## INFORMATION SHOWN
---+---
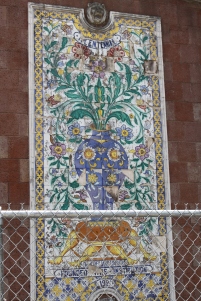Detail on entrance gate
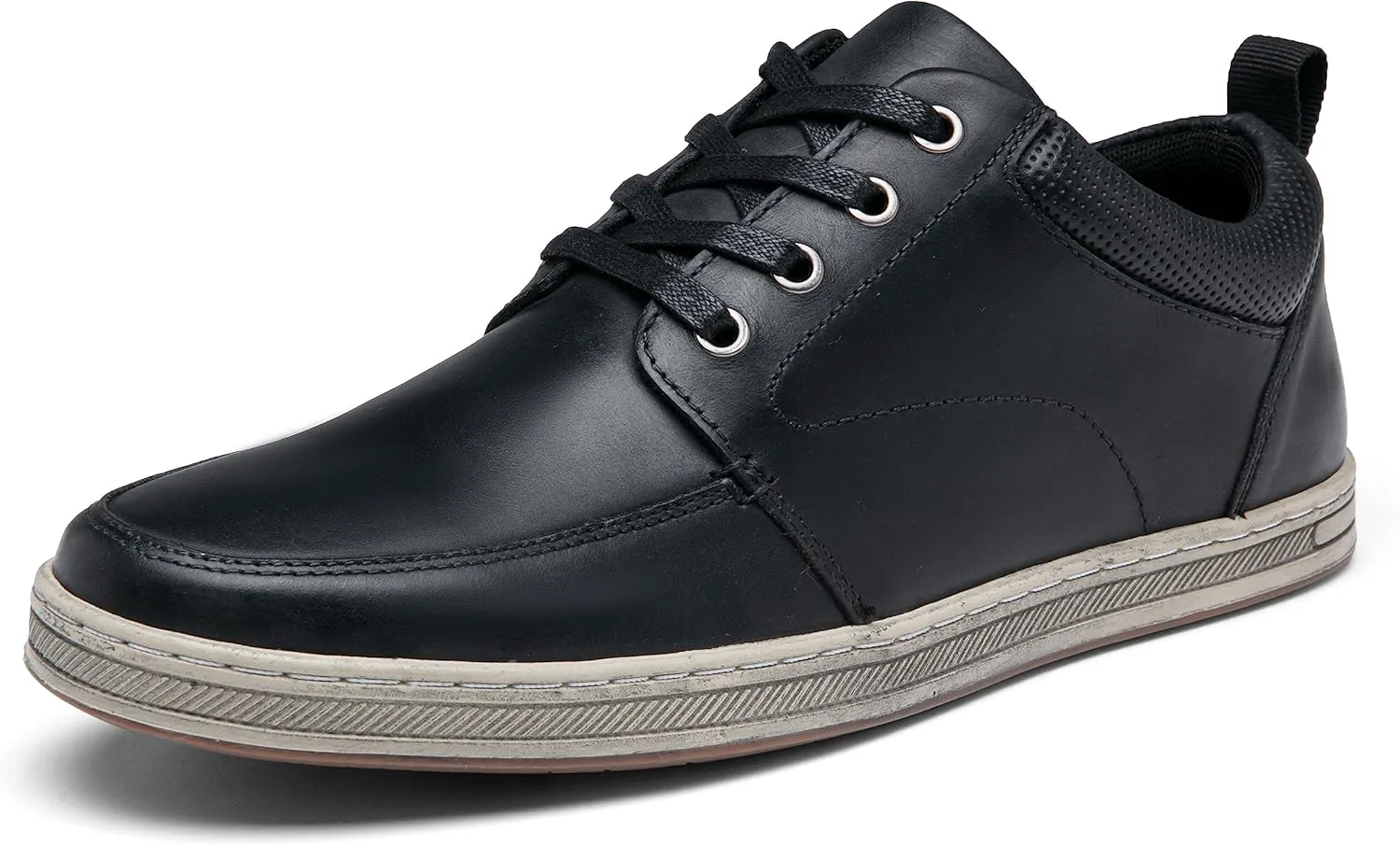 

Мужские кожаные модные кроссовки Jousen, ретро, деловые, повседневные для мужчин, черный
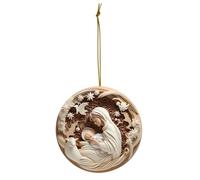 Adorno de belén - Adorno de Jesús para coche, adorno de Jesús acrílico 2D | Señal de oración de Navidad para coche plano para decoración interior de coche de jardín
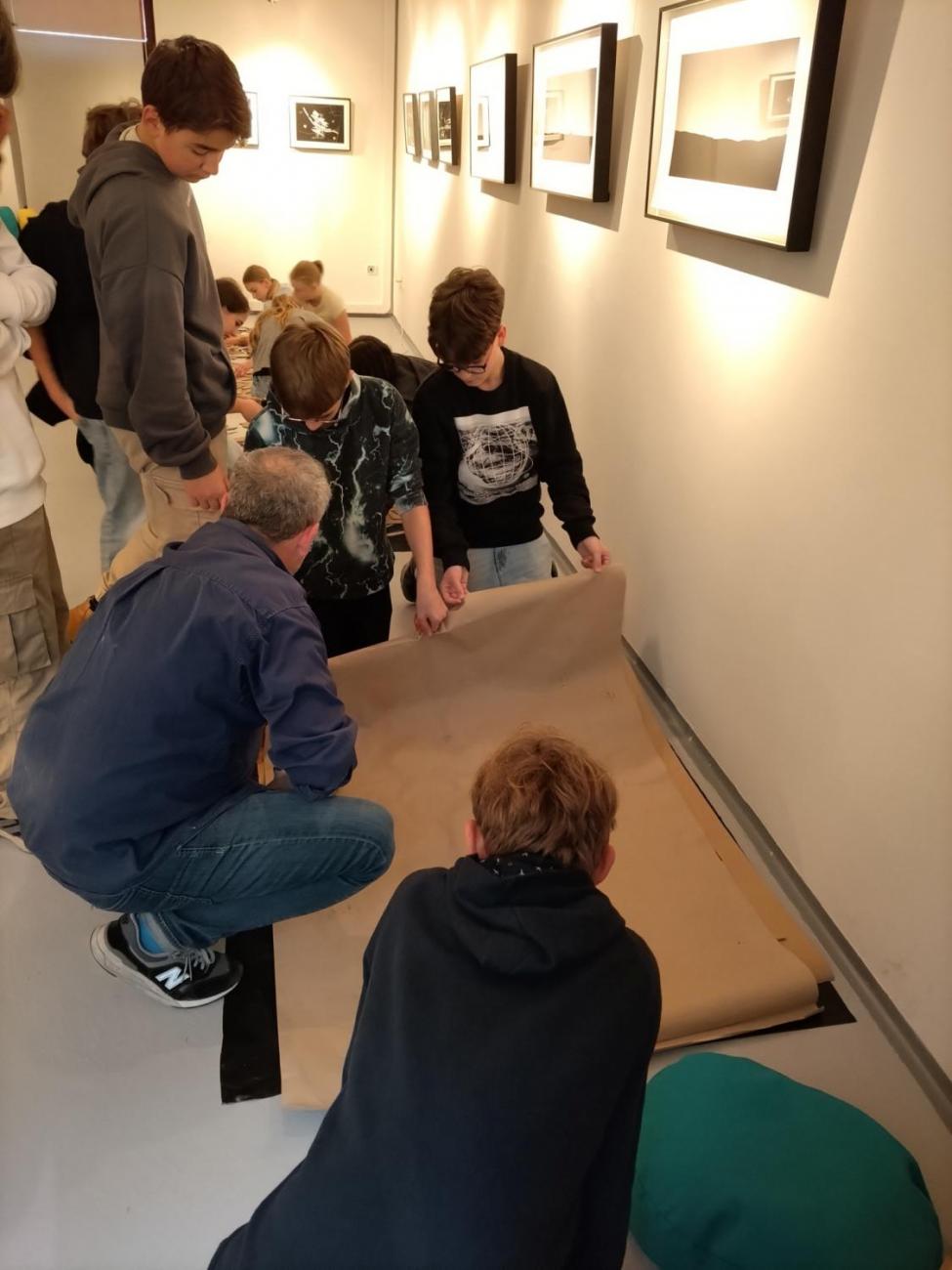 Výtvarný program k výstavě Jolany Havelkové – Zwischen zwei Orten, 7.C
---+---
## WORK INSTRUCTIONS
Within the listing above, copy exactly the lines that start at the one with "Мужские кожаные модные" and continue through the one with "Adorno de belén". Omit pictures.

## EXERCISE SOLUTION
Мужские кожаные модные кроссовки Jousen, ретро, деловые, повседневные для мужчин, черный
 Adorno de belén - Adorno de Jesús para coche, adorno de Jesús acrílico 2D | Señal de oración de Navidad para coche plano para decoración interior de coche de jardín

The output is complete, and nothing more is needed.